What this means for you:
The data Microsoft collects from every Windows 7, 8 and 10 computer falls into two buckets they name as “Reliability & Performance” and “Personalization”. The first type of data has actually been collected for years: remember those blue screens of death that plagued our Windows existence? Depending on how your computer was configured, whenever that garish specter showed its ugly face, your computer was compiling an error report that could be sent to Microsoft, ostensibly to catalog and analyze your crash. Assuming enough of those reports came in on the same bug, they would construct a patch that would be rolled into one of the many OS updates applied over the years. Where in previous OS versions this data seemed to be largely compiled and ignored, Microsoft has taken a much more aggressive and proactive approach with the Windows 10 data being collected, and using it to quickly fix issues, improve performance and to add features that users are missing. The important difference now versus years previous was whether or not you had a choice in letting Microsoft see this type of data collected from your computer. From this point forward, you can only adjust the detail of data submitted, but cannot opt out (except by completely disconnecting from the internet forever).
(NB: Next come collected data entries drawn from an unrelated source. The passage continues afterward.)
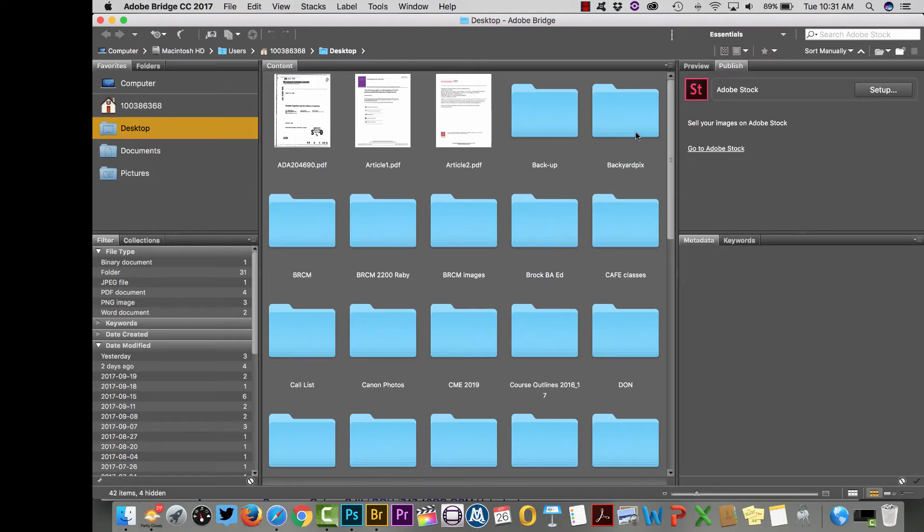This is just a quick tutorial for those that didn't get it in class on how to properly import your photos directly into Bridge from your camera.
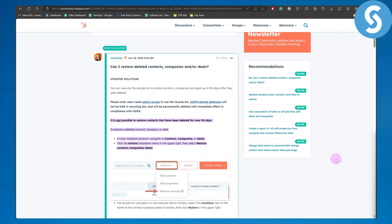You can use the recycle bin to restore contacts, companies, and deals up to 90 days after they were deleted. So let's assume that you have deleted something and you're trying to restore them - you can restore it within 90 days.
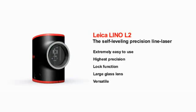The Leica Lino L2 projects lines accurate to the millimeter, leaving your hands free to get on with your work.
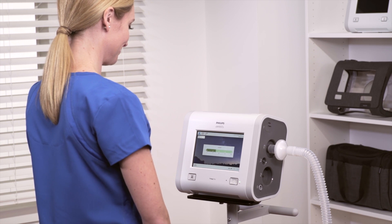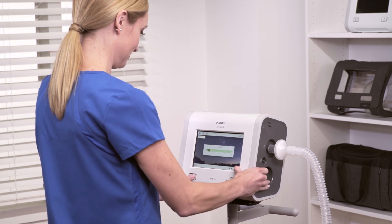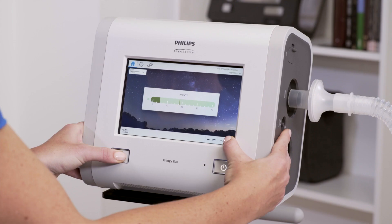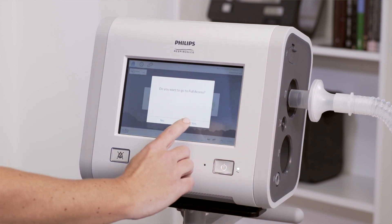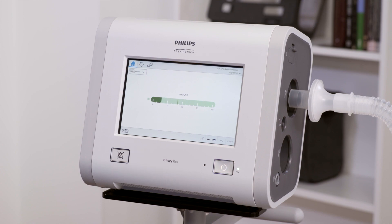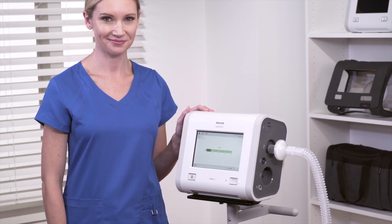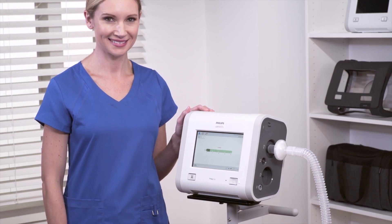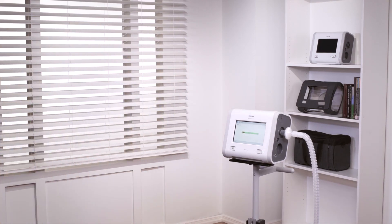To go to temporary full access, press and hold the digital clock and then the Alarm Silence button and keep holding them together for five seconds. A confirmation pop-up window will appear — follow the instructions. Taking the time to become familiar with Trilogy EVO's functions can help you deliver quality, efficient clinical care and enhance patient comfort.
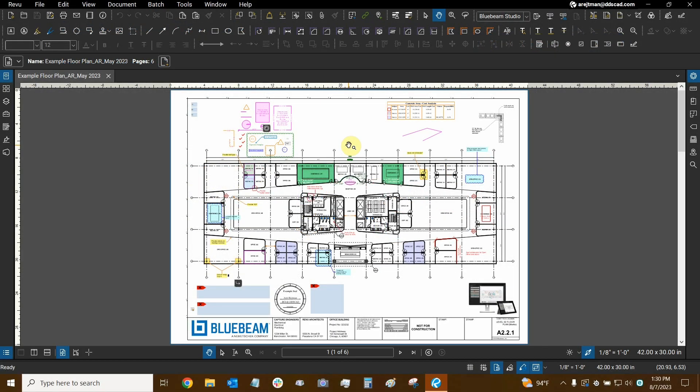Hi everyone and welcome to Bluebeam Review. My name is Ari and I'm a Bluebeam Certified Instructor with Digital Drafting Systems. Today, we're going to learn how to use Paste in Place and add it to our shortcuts.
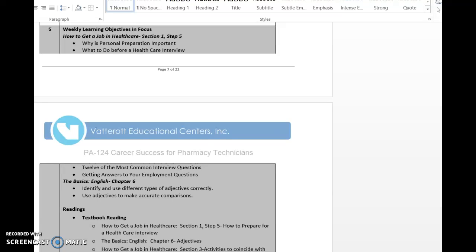Hi everyone, welcome to week five of your Career Success for Pharmacy Technicians course. This week I want to remind you to make sure that you are going over all of the material for the week before attempting your midterm exam, because the material in this week's presentation and in the textbooks will be covered on the midterm. Please make sure that you review everything in both the English book and the How to Get a Job in Health Care book before you try your midterm.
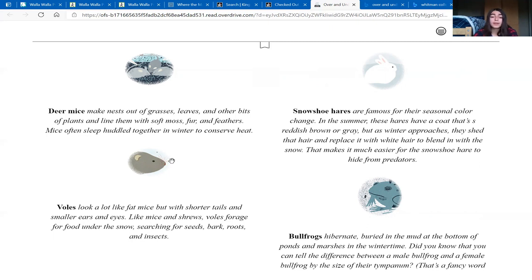Voles look a lot like fat mice, but with shorter tails and smaller ears and eyes. Like mice and shrews, voles forage for food under the snow, searching for seeds, bark, roots, and insects.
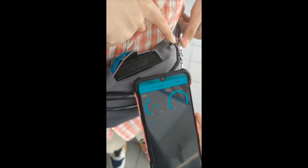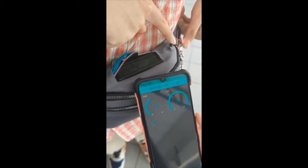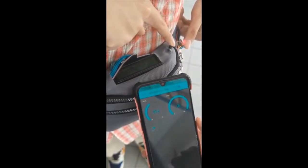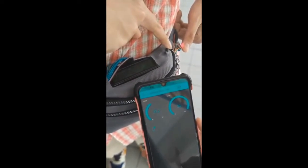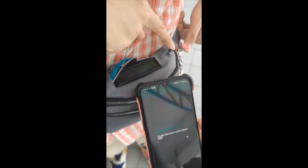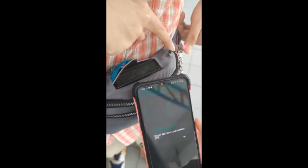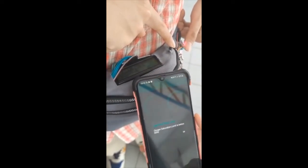We will see what happens when blood oxygen concentration value is lower than 95%. We can see the notification is being displayed.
According to Microsoft, the data is anonymized, transmitted securely and can never be tracked back to a specific person or machine.
The second set of data (from which you can opt out) is used to feed Microsoft’s digital assistant Cortana (named after a videogame character from the Halo franchise). Microsoft’s answer to Apple’s Siri and Google’s Now services is still very new and untested, but shows similar promise in helping Windows 10 users get more from the new OS if they like that sort of thing. The key to these types of services is their ability to build a personal knowledge graph of the user which can be based upon just about every aspect for which a computer or mobile device is used, including location, age, gender, contact lists, favorites, browser & shopping history and so on.
Don’t want Cortana (Microsoft) creating a profile on you? Head to the Windows menu (the one they brought back in 10, remember?), click “Settings” and then “Privacy”. Get settled in to review every entry and adjust to your sense of privacy is somewhat restored, at least as far as Windows 10 is concerned.